Extracted data entries

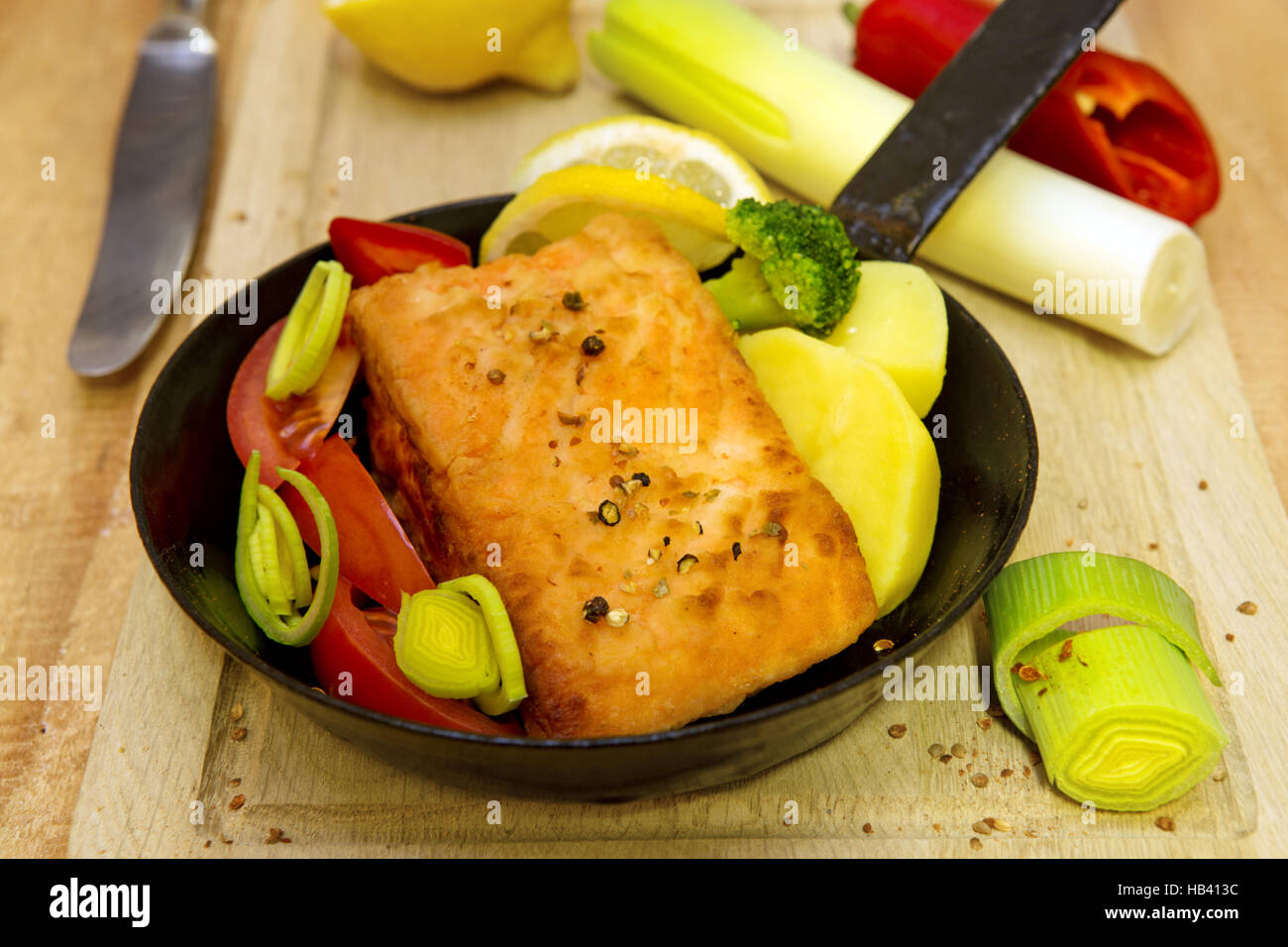 Saumon poêlé Banque de photographies et d’images à haute résolution - Alamy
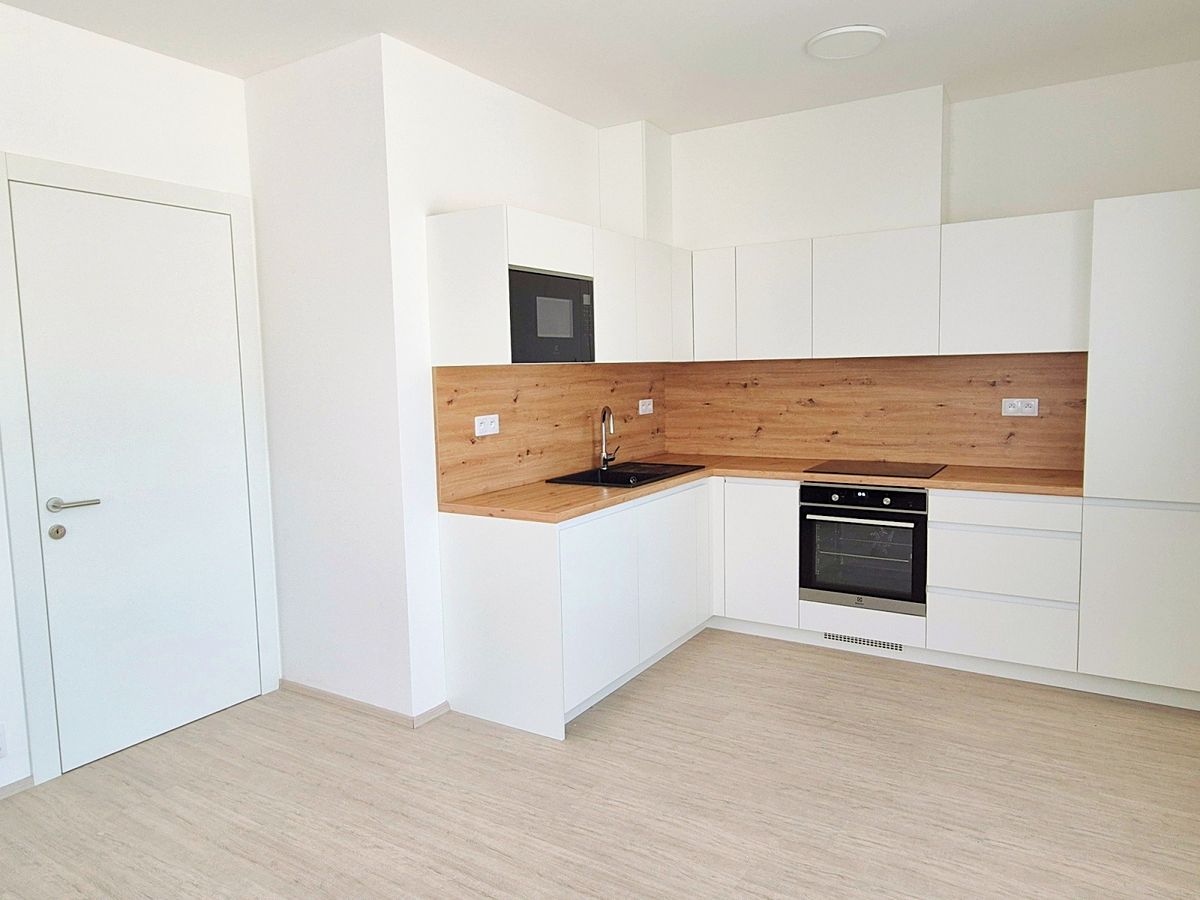 Pronájem bytu 1+kk 37 m² – fotografie 2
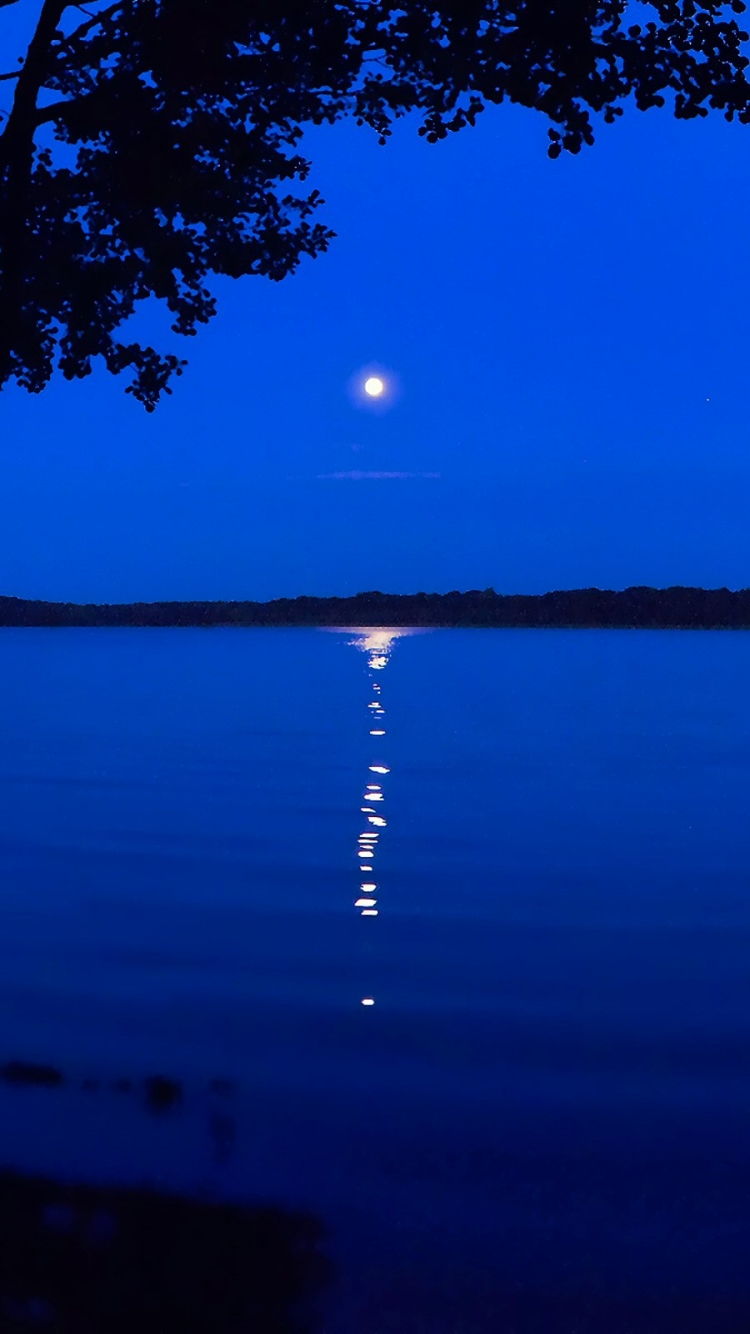Download mobile wallpaper Water, Moon, Lakes, Lake, Reflection, Earth for free.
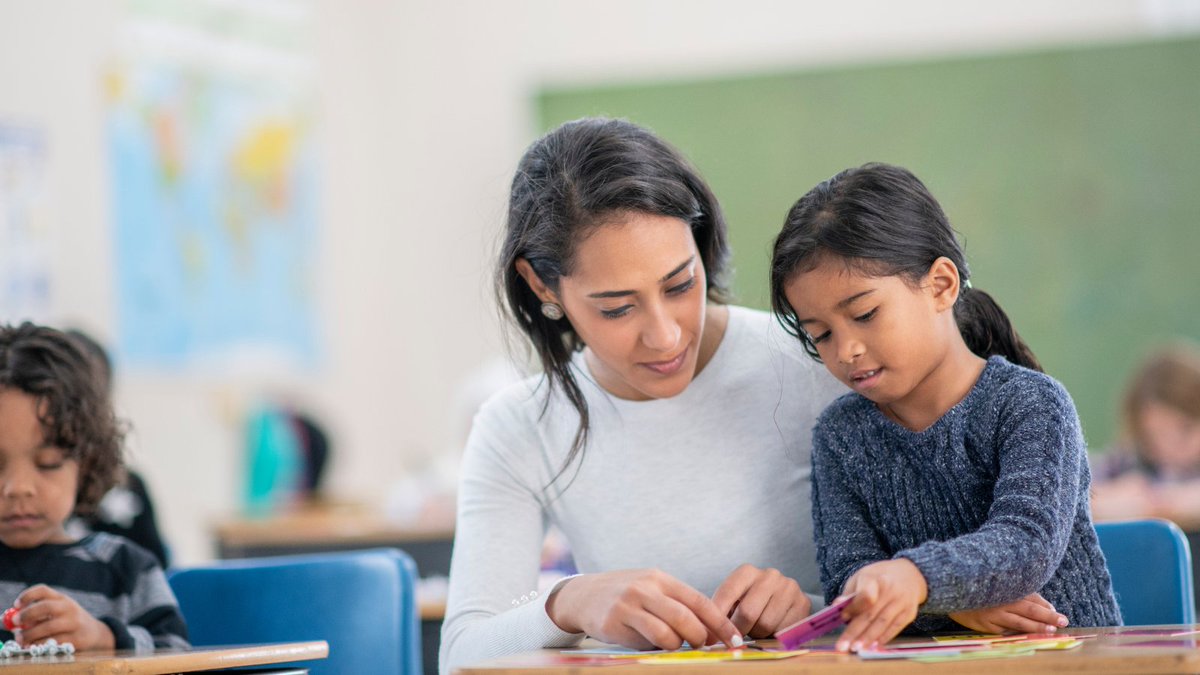 VisibleLearning's tweet image. .@John_Hattie joins @KateJones_teach discuss top #formativeassessment strategies in action. Tune in for key takeaways on effective assessment: ow.ly/HK3S50TVy4j

#VisibleLearning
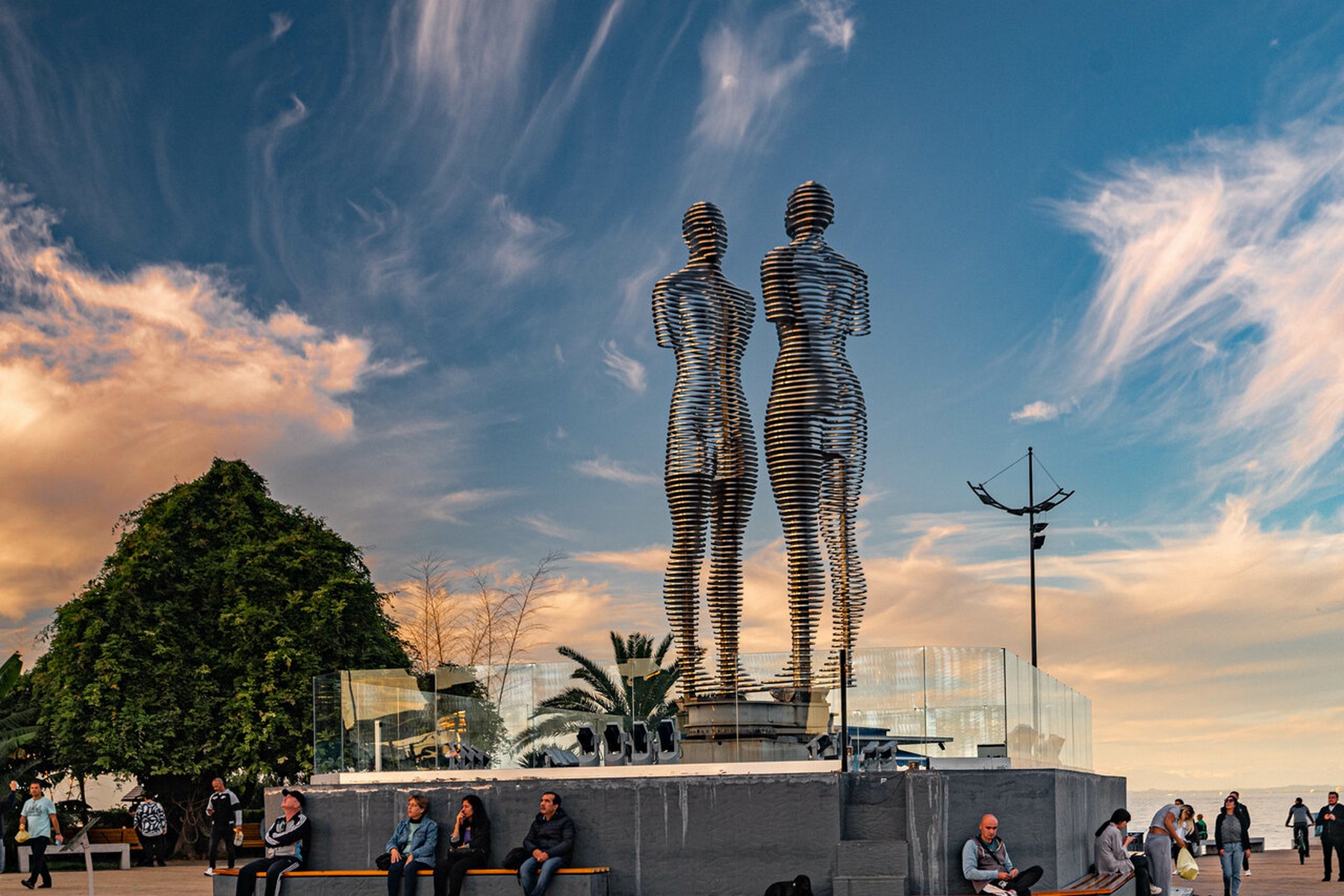 Ali and Nino Statue – Batumi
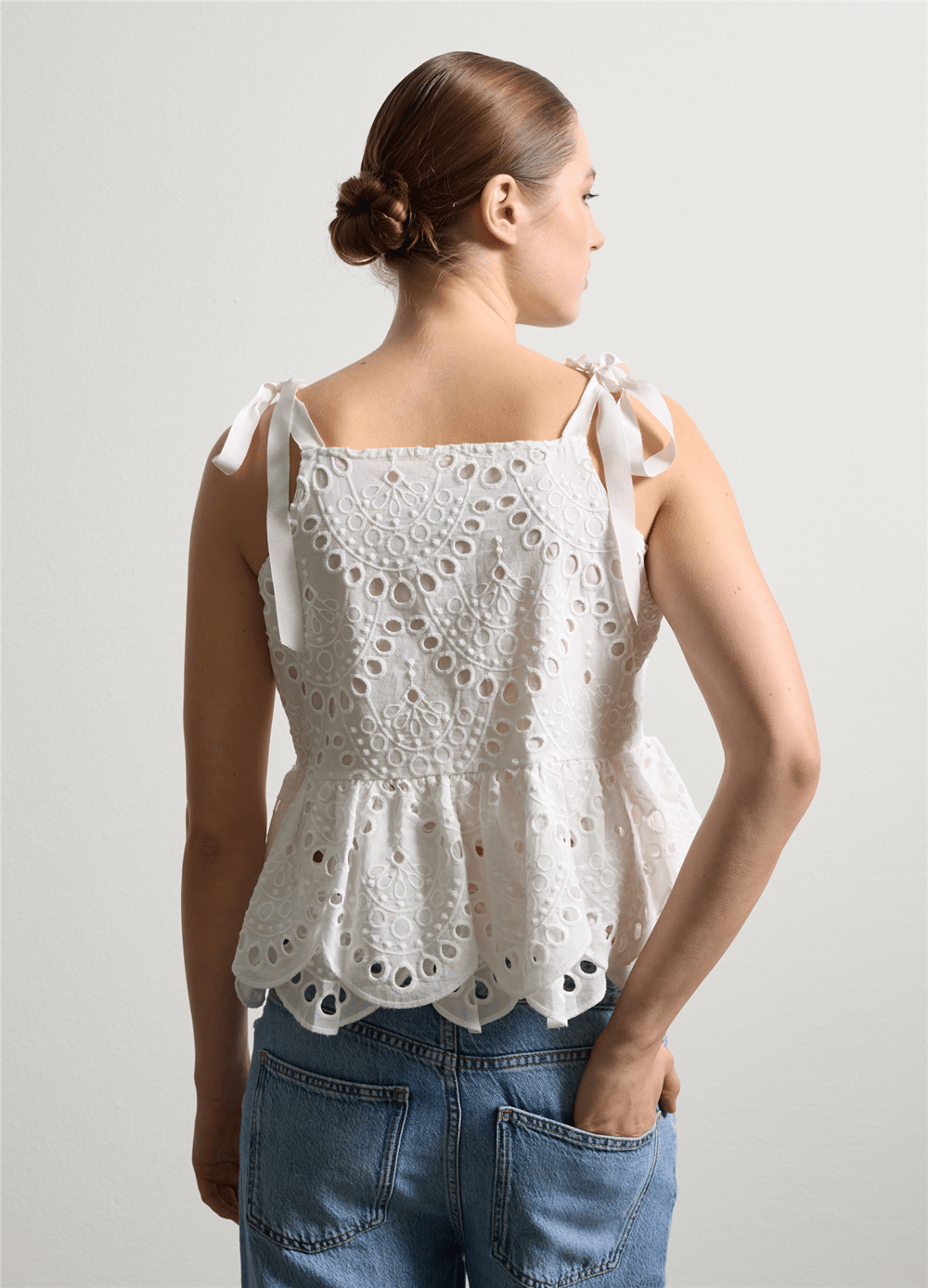 Fiyonk Detaylı Broderie Anglaise Üst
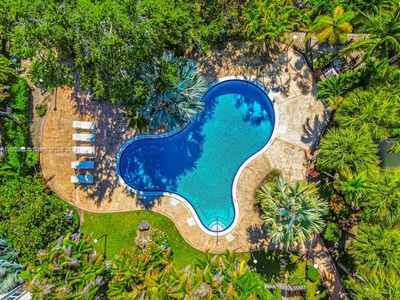 6904 N Kendall Dr APT F203, Pinecrest, FL, 33156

ABOUT THIS EXERCISE: Leave every picture out and write out, word for word, the lines from the one that contains "VisibleLearning's tweet image." through the last line of the records.

OUTPUT OF THE TASK:
 VisibleLearning's tweet image. .@John_Hattie joins @KateJones_teach discuss top #formativeassessment strategies in action. Tune in for key takeaways on effective assessment: ow.ly/HK3S50TVy4j

#VisibleLearning
 Ali and Nino Statue – Batumi
 Fiyonk Detaylı Broderie Anglaise Üst
 6904 N Kendall Dr APT F203, Pinecrest, FL, 33156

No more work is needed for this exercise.